_Task directions_
Please return each of the entries below exactly as they appear.

================

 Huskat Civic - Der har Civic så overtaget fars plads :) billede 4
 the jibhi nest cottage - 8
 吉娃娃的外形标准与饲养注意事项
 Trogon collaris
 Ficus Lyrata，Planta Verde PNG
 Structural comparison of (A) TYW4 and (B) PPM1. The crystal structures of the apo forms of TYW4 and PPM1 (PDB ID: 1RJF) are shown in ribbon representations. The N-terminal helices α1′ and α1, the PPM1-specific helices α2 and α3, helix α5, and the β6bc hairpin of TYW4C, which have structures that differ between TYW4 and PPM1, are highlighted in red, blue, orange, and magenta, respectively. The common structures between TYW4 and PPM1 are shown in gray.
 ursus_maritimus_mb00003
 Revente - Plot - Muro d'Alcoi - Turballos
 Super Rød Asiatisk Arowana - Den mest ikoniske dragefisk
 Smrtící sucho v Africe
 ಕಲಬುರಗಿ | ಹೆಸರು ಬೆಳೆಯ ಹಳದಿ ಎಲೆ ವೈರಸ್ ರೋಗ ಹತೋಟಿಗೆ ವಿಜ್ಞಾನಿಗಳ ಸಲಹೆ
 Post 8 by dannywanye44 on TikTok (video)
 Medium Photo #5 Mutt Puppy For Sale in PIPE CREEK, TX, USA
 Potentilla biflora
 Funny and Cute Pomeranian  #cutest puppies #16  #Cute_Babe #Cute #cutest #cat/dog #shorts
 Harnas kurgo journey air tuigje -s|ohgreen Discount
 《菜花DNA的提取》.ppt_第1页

================

_Response area_
 Huskat Civic - Der har Civic så overtaget fars plads :) billede 4
 the jibhi nest cottage - 8
 吉娃娃的外形标准与饲养注意事项
 Trogon collaris
 Ficus Lyrata，Planta Verde PNG
 Structural comparison of (A) TYW4 and (B) PPM1. The crystal structures of the apo forms of TYW4 and PPM1 (PDB ID: 1RJF) are shown in ribbon representations. The N-terminal helices α1′ and α1, the PPM1-specific helices α2 and α3, helix α5, and the β6bc hairpin of TYW4C, which have structures that differ between TYW4 and PPM1, are highlighted in red, blue, orange, and magenta, respectively. The common structures between TYW4 and PPM1 are shown in gray.
 ursus_maritimus_mb00003
 Revente - Plot - Muro d'Alcoi - Turballos
 Super Rød Asiatisk Arowana - Den mest ikoniske dragefisk
 Smrtící sucho v Africe
 ಕಲಬುರಗಿ | ಹೆಸರು ಬೆಳೆಯ ಹಳದಿ ಎಲೆ ವೈರಸ್ ರೋಗ ಹತೋಟಿಗೆ ವಿಜ್ಞಾನಿಗಳ ಸಲಹೆ
 Post 8 by dannywanye44 on TikTok (video)
 Medium Photo #5 Mutt Puppy For Sale in PIPE CREEK, TX, USA
 Potentilla biflora
 Funny and Cute Pomeranian  #cutest puppies #16  #Cute_Babe #Cute #cutest #cat/dog #shorts
 Harnas kurgo journey air tuigje -s|ohgreen Discount
 《菜花DNA的提取》.ppt_第1页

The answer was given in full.